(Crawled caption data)
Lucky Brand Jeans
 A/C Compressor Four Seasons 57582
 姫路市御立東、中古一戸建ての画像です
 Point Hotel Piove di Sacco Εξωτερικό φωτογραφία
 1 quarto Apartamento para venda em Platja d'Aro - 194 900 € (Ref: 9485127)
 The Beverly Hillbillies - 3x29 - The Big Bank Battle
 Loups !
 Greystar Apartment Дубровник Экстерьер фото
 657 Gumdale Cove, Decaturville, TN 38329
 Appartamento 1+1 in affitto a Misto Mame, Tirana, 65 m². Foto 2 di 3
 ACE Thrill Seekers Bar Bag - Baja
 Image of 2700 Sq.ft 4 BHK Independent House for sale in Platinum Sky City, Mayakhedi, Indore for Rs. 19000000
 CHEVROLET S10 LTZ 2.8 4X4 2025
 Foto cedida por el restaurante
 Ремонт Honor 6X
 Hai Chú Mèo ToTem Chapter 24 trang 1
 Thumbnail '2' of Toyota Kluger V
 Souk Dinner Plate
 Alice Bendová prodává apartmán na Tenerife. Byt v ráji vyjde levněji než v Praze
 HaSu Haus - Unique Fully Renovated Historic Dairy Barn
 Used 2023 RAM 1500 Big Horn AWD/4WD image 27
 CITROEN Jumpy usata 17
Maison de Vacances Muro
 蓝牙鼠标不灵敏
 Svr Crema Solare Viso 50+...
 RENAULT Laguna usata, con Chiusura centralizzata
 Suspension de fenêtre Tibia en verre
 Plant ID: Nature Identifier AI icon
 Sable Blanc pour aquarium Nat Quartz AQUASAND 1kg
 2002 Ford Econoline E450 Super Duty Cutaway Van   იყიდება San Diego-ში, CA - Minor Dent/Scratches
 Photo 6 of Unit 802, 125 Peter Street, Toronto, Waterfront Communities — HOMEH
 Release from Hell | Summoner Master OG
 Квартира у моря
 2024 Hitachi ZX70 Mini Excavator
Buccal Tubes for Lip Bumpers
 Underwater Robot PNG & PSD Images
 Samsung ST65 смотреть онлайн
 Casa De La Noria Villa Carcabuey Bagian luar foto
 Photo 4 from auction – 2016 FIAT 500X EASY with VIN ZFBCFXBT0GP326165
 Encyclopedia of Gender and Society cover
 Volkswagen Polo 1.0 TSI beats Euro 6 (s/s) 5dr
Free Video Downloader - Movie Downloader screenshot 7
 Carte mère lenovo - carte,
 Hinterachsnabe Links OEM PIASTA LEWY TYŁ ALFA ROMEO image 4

-- REQUIREMENT --
Out of the data above, give again only the lines starting at the one holding "A/C Compressor Four Seasons 57582" and ending at the one holding "ACE Thrill Seekers Bar Bag - Baja", unchanged.

-- RESPONSE TO THIS TASK --
 A/C Compressor Four Seasons 57582
 姫路市御立東、中古一戸建ての画像です
 Point Hotel Piove di Sacco Εξωτερικό φωτογραφία
 1 quarto Apartamento para venda em Platja d'Aro - 194 900 € (Ref: 9485127)
 The Beverly Hillbillies - 3x29 - The Big Bank Battle
 Loups !
 Greystar Apartment Дубровник Экстерьер фото
 657 Gumdale Cove, Decaturville, TN 38329
 Appartamento 1+1 in affitto a Misto Mame, Tirana, 65 m². Foto 2 di 3
 ACE Thrill Seekers Bar Bag - Baja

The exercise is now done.